Stored entries
# # #

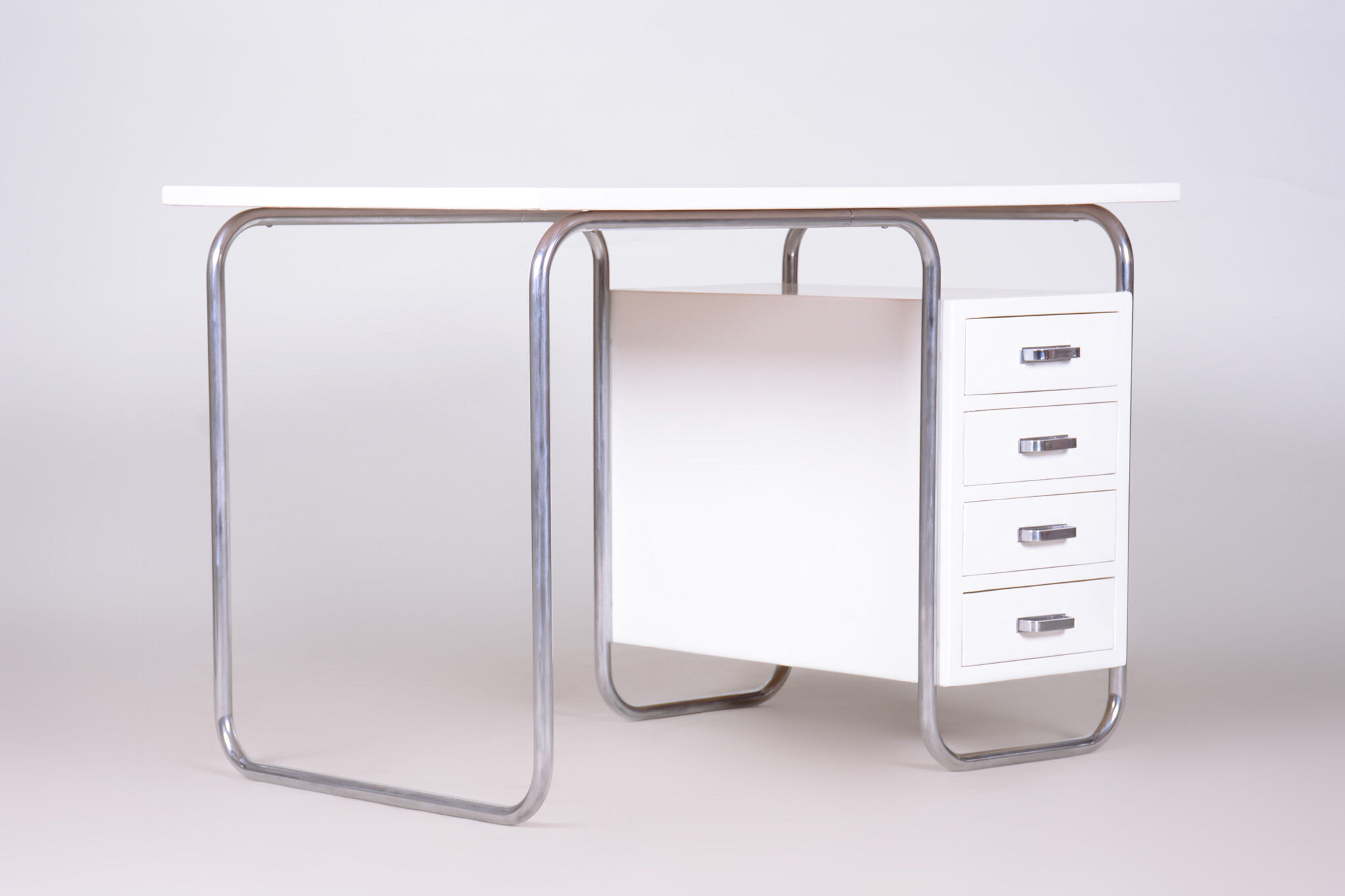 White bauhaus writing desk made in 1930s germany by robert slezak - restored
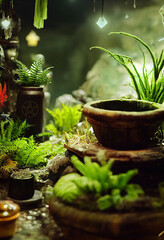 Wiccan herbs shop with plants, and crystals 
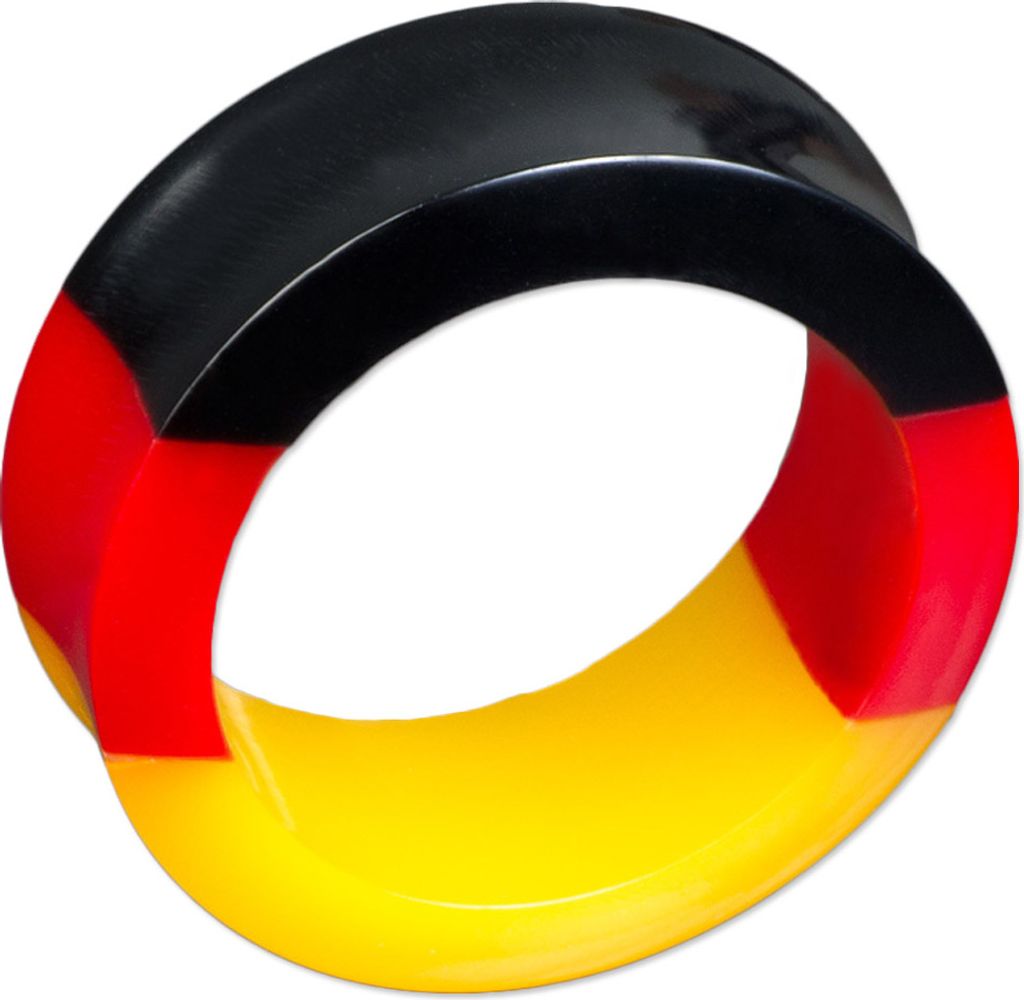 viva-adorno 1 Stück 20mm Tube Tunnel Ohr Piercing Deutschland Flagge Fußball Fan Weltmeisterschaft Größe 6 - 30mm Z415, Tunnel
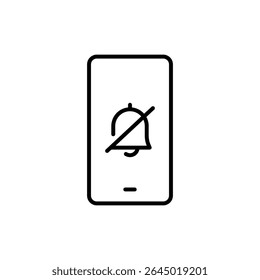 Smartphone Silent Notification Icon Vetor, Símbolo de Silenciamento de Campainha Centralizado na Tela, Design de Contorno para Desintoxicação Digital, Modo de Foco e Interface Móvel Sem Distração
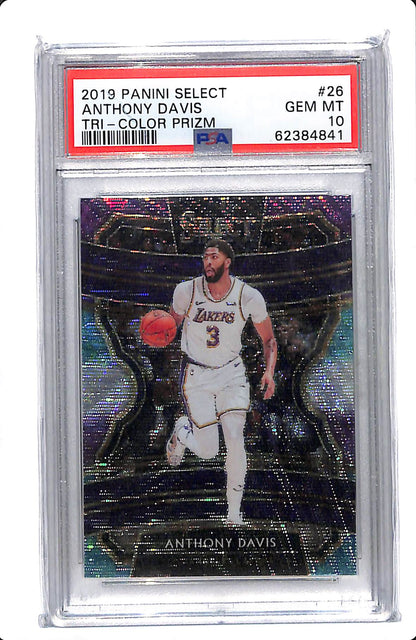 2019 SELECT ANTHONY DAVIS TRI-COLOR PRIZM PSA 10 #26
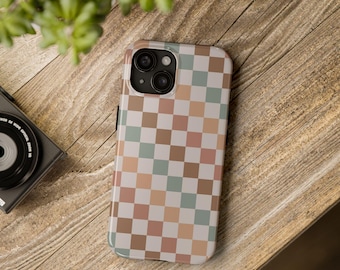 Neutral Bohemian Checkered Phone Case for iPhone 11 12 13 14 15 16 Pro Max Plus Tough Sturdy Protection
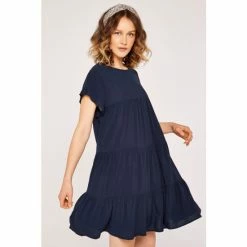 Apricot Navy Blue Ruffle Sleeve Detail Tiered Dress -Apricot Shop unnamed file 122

# # #

▶ [PROBLEM STATEMENT]: Omit the pictures and retype exactly the lines from the one containing "Neutral Bohemian Checkered" through the end of the entries above.

▶ [REPLY TO THE TASK]:
 Neutral Bohemian Checkered Phone Case for iPhone 11 12 13 14 15 16 Pro Max Plus Tough Sturdy Protection
 Apricot Navy Blue Ruffle Sleeve Detail Tiered Dress -Apricot Shop unnamed file 122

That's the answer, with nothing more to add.